Have I missed something? Can anyone point me in the direction of a download of Gimpshop for a humble user of Ubuntu 13.04 64Bit?

Please help me before the windows itch pulls me back for one last photoshop hit.

----------


## SeijiSensei

I'm pretty sure gimpshop is a dead-end.  You might try GIMP 2.8 and experiment with the single-window feature that was designed to appeal to Photoshop users.

----------


## ibjsb4

It may still be alive.  The question is, does it work  :Smile:  and on what version.

http://sourceforge.net/projects/gimpshop.mirror/

----------


## Derelinquat fenestras

If the link in the previous post did not work you may also try:

http://linux.softpedia.com/progDownl...oad-16259.html

I was able to get it installed from this download, but what you have to do is go into whatever folder your system downloads to, right click on the .deb file, go to permissions and click the box that says allow file to be executed as a program, then close and click on the file.  The software center will then install it.  It gave me a warning that the file was of poor quality, but I clicked ignore/install anyway (do so at your own peril, i guess).  Once it's installed, you have to open a terminal and just type "gimp" and it will open the installation menu.  follow instructions and there you have GimpShop.  I've never used, but you peaked my interest so I'll try it.  Honestly though, standard GIMP seems far superior, interface-wise anyway.  If there's any thing you are stuck on there are many video tutorials on youtube (FYI)...

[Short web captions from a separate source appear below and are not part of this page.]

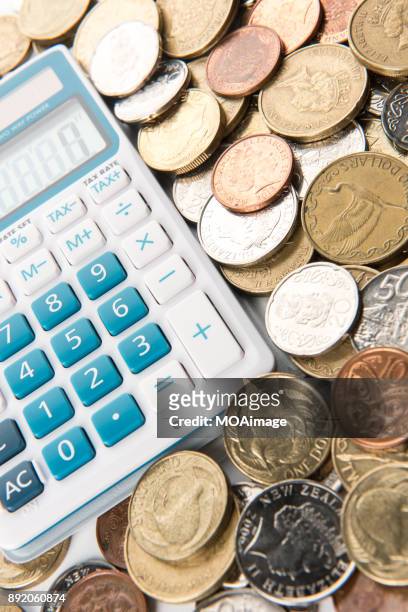 a calculator is on a pile of coins - the 2017 budget preparation stock pictures, royalty-free photos & images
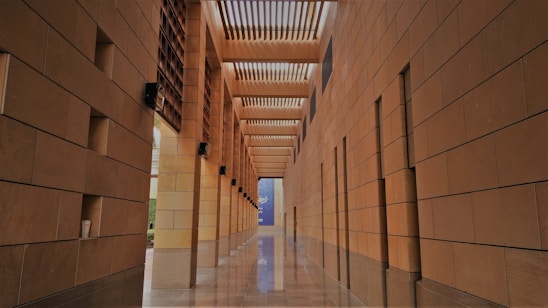 Modern hospital corridor with natural light and clean architectural lines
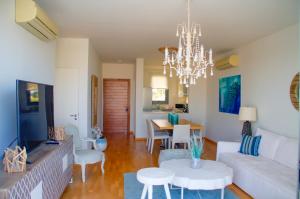 a living room with a couch and a chandelier at Atlantis Gardens in Mazotos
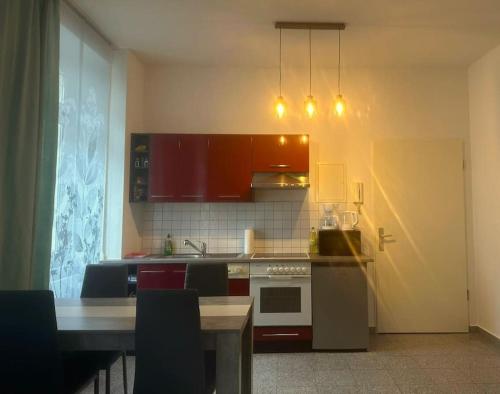 una cocina con armarios rojos y una mesa con mesa en Stilvolles Zuhause en Magdeburgo
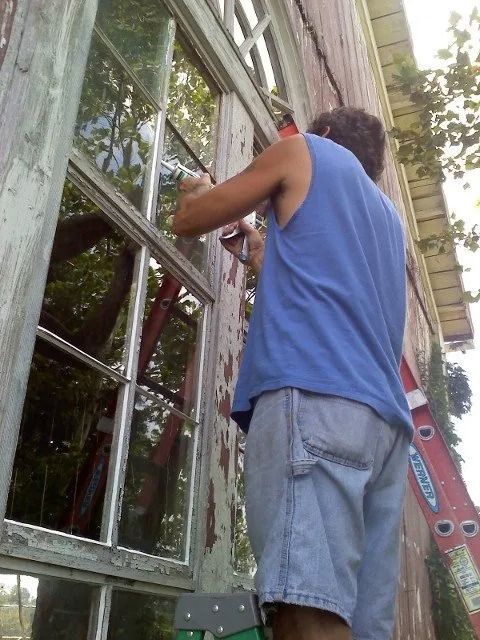 Person painting a window frame on a ladder beside a house, with a blue ladder nearby.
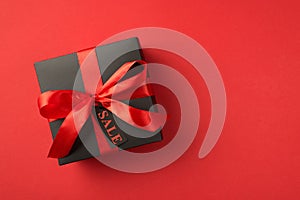 Top view photo of black giftbox with red ribbon bow and tag on isolated red background with text on pricetag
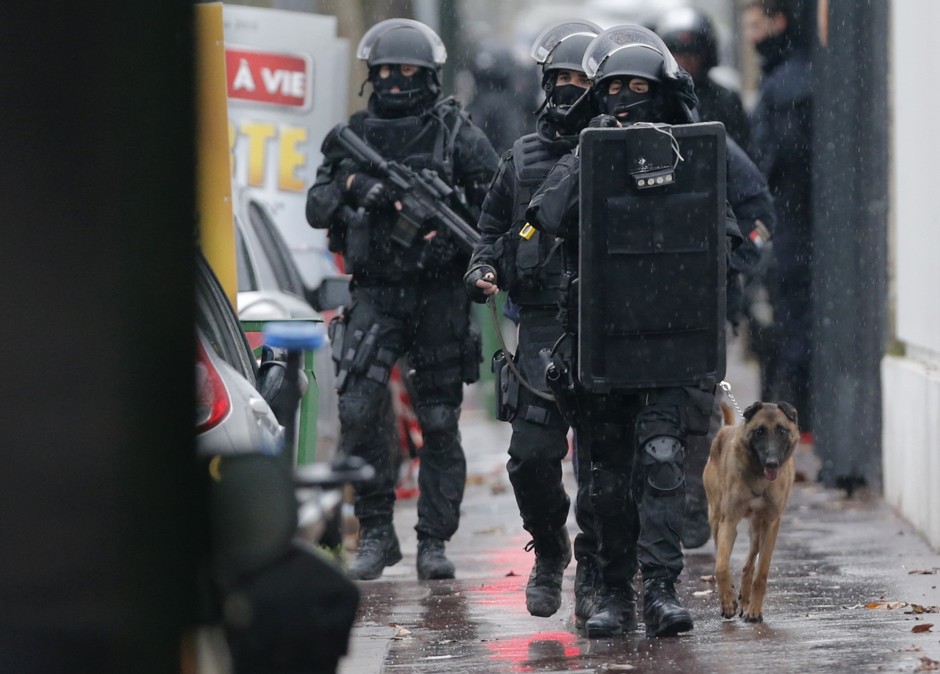 Armed French intervention police walk with a sniffer dog at the scene of a shooting of a policewoman in the street of Montrouge near Paris on January 8, 2015. 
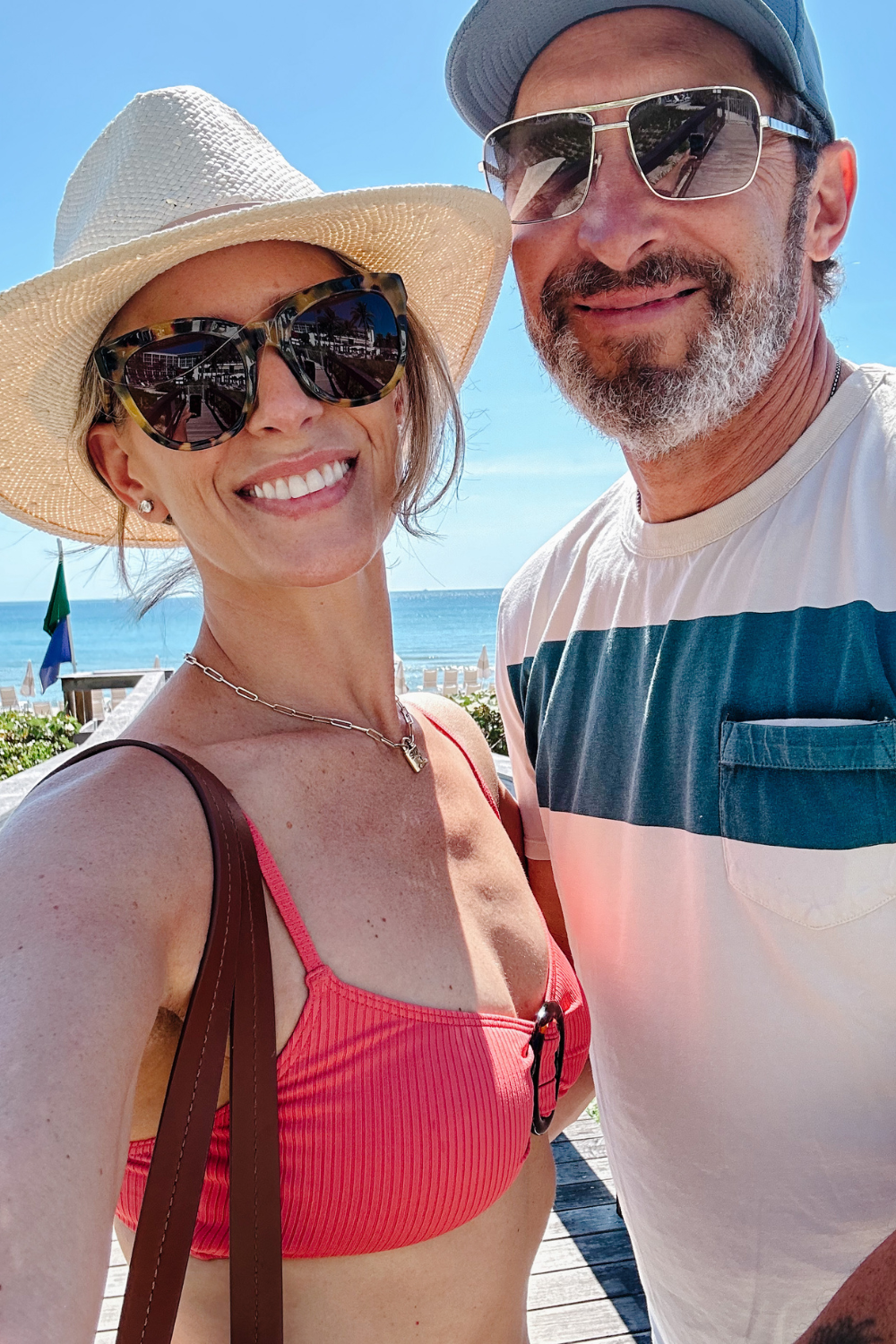 Suzanne and her husband on a beach vacation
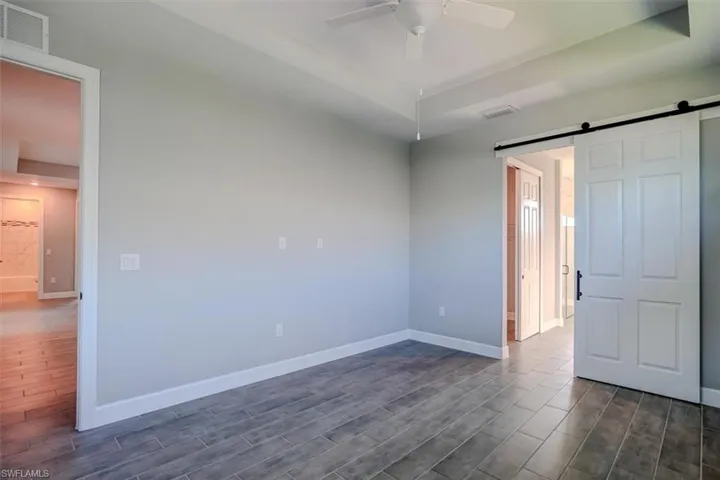 Unfurnished bedroom with a barn door, dark hardwood / wood-style floors, and ceiling fan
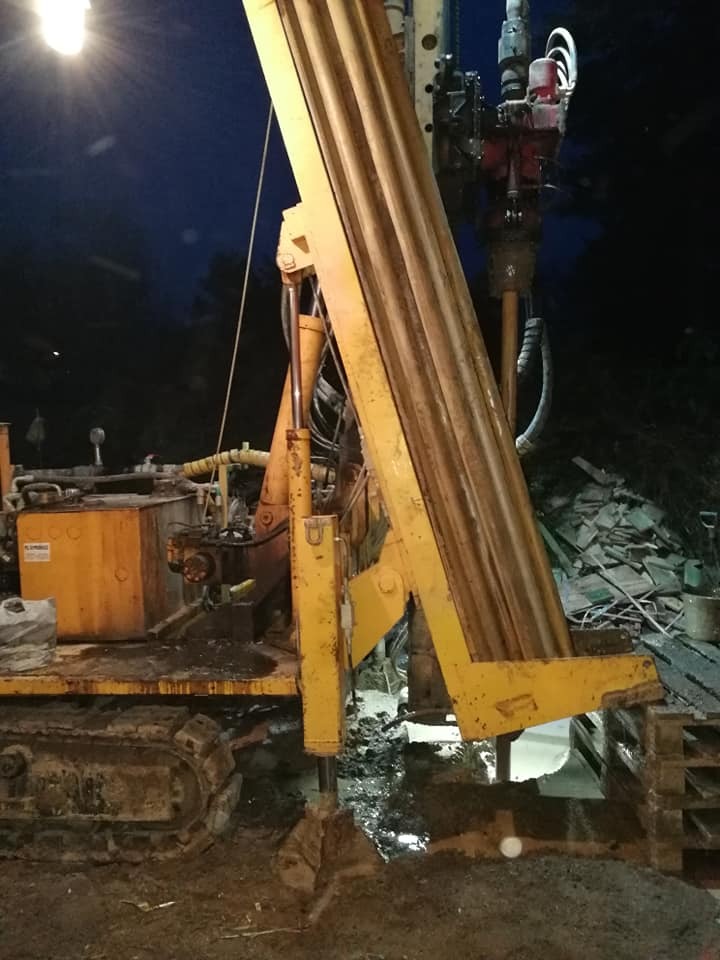 Żółta wiertnica na gąsienicach, w trakcie wiercenia otworu w ziemi, widoczne błoto i oświetlenie nocne.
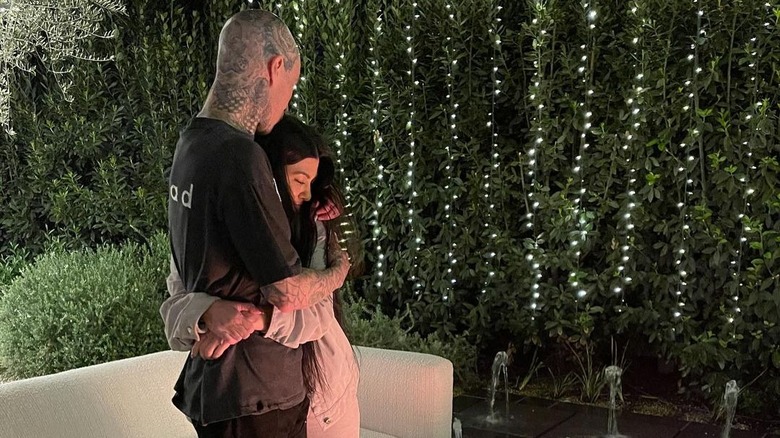 Travis Barker and Kourtney Kardashian hugging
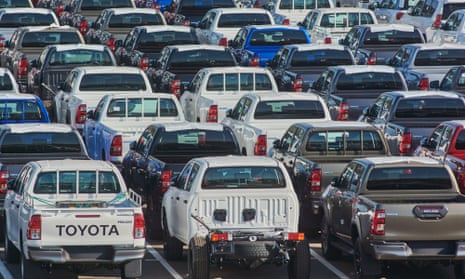 Lines of new Hilux automobiles in a parking lot ahead of distribution at Toyota Motor Corp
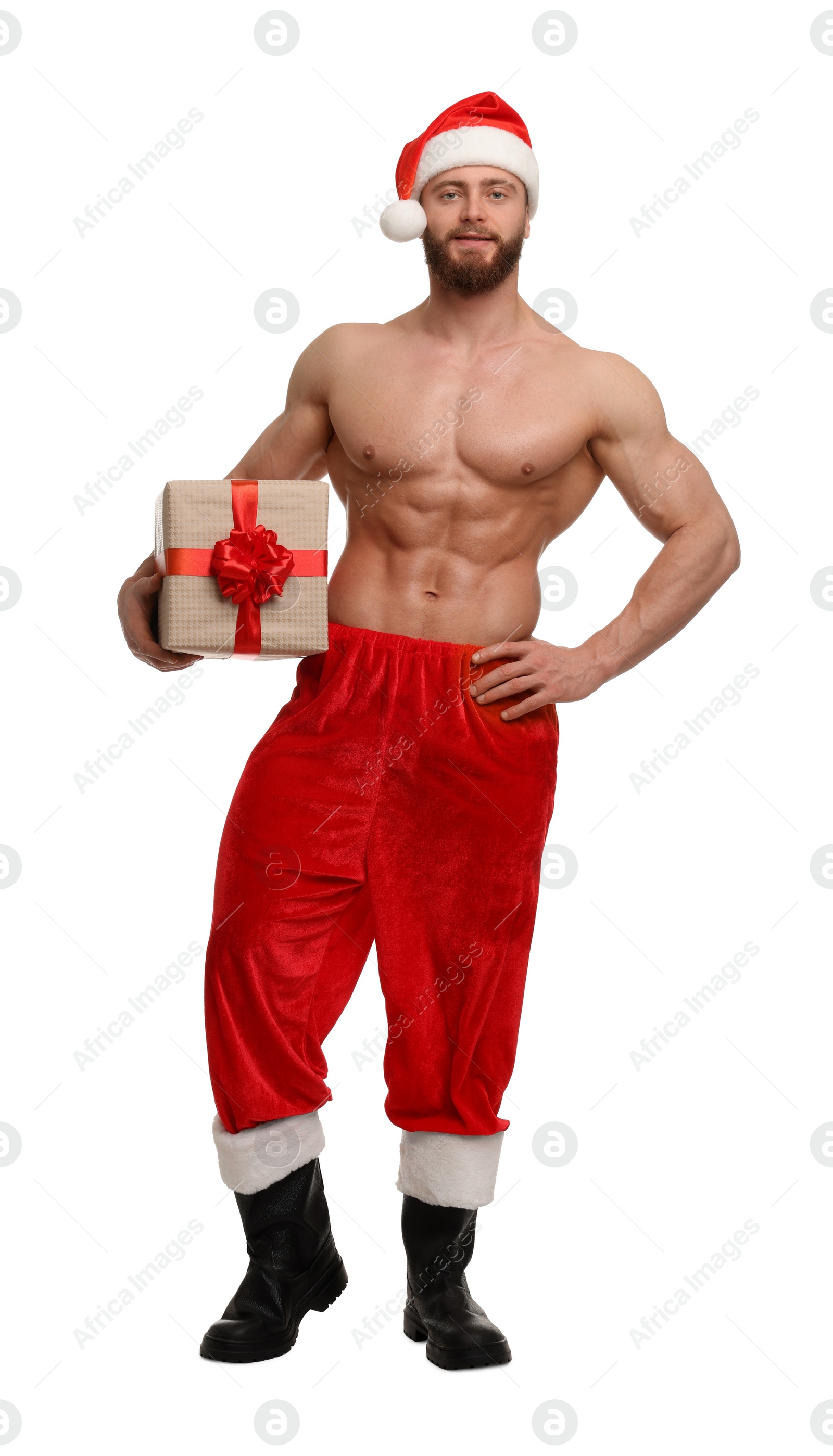 Photo of Attractive young man with muscular body in Santa hat holding Christmas gift box on white background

Softpedia has a lot of good software for Ubuntu.  I highly recommend checking it out for any newer users.  You can usually download them as .deb or .tar.bz2.  The .deb files just need to be clicked on and wait and the software center does the rest, and the .tar.bz2 are dealt with with dpkg in the terminal.

----------


## Glynnux

Oops, ignore this post. The next post points out my error. I saw the quest for Gimpshop and presumed the Gimp version was not the most recent one in the Repo.
Once again..due to not reading the whole thread.. My error.

----------


## robert shearer

Whoah there...!,  The op is using 13.04 and Gimp 2.8.4 is the normal version from software centre for this release.
You *do not need a ppa for 13.04* and all the plugins are in software centre as well.

The ppa is for older versions that don't yet have Gimp2.8.4 in their repos but check first on those distros to see if the repo has any updates *before* adding a ppa.

----------


## Glynnux

My goof Robert, I've been asleep a long time. Edited.

----------